Sky has gone one further, asking all of its suppliers to do the same. Around 280 companies have signed up to use albert, including big independent production firms like Twofour and Kudos, and it has more than 1,800 users.

So, what’s it like working with competitors? Fairly easy, says Park. “Everyone was keen to come on board and work together. And inside the BBC, there’s something about our position as a public service body that really helps people feel that this is an important thing to do – and we get very little push-back from production teams.

“When it comes to footprinting and environmental assessment, there are so many different ways of doing it. So, albert enables everybody across the industry to use the same standard tool and methodology.”

Taking things one step further, albert+ has been developed to help companies actually certify their impact reduction and continue to manage their impacts; successful productions are given a 1, 2 or 3-star rating and even get to display the albert+ badge during TV show credits. “If albert is the set of scales that tells you what you weigh, albert + is the diet plan to help you lose weight,” says Park.
Twenty-one BBC productions have gone through the albert+ process, including last year’s Manchester bombings drama, ‘From There to Here’ made for BBC1 by Kudos.

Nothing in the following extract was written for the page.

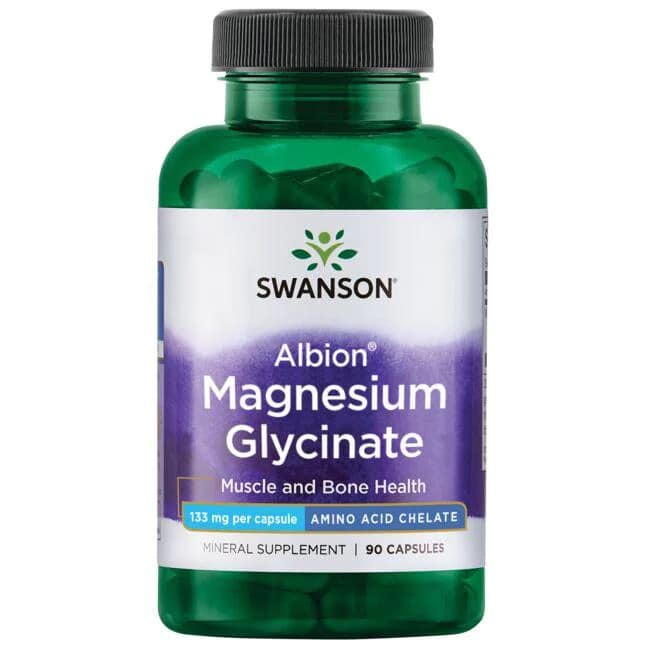 Swanson - Albion Kelaterat Magnesiumglycinat, 90 kapslar | Vitaminer och MineralerVissa mineralerHälsokostSömnstödMagnesium | Apoteka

But do customers care about the badge? Are they paying attention? Park thinks so. “Our audiences do care, and I want licence fee payers to see that mark and know that our TV production teams are doing all they can to reduce the environmental impact.
“To be honest, we need more resources to get that message out there. Of course, the more partners we have on board, like Sky and ITV, the more we’ll be able to get the message out there.”

Of course, broadcasting more programmes that focus on the big issues, such as climate change, would have a huge impact – and it’s something Park admits “hasn’t been cracked yet”.

But there’s a much bigger picture Park wants the sector to look at: What happens once TV productions are in the can?
There are the different methods of transmission and the consumption of TV in homes across the country – and not just on television, but increasingly on laptops and smart phones too.

“We’re starting to collaborate on some of these issues because it’s a system with lots of different players – and we’re trying to build-out a picture of what total sustainable production and broadcasting looks like.

“The production part is within our control but we have a responsibility to engage with others to tackle this bigger picture. But there is an absolute willingness at the BBC to do something about that.”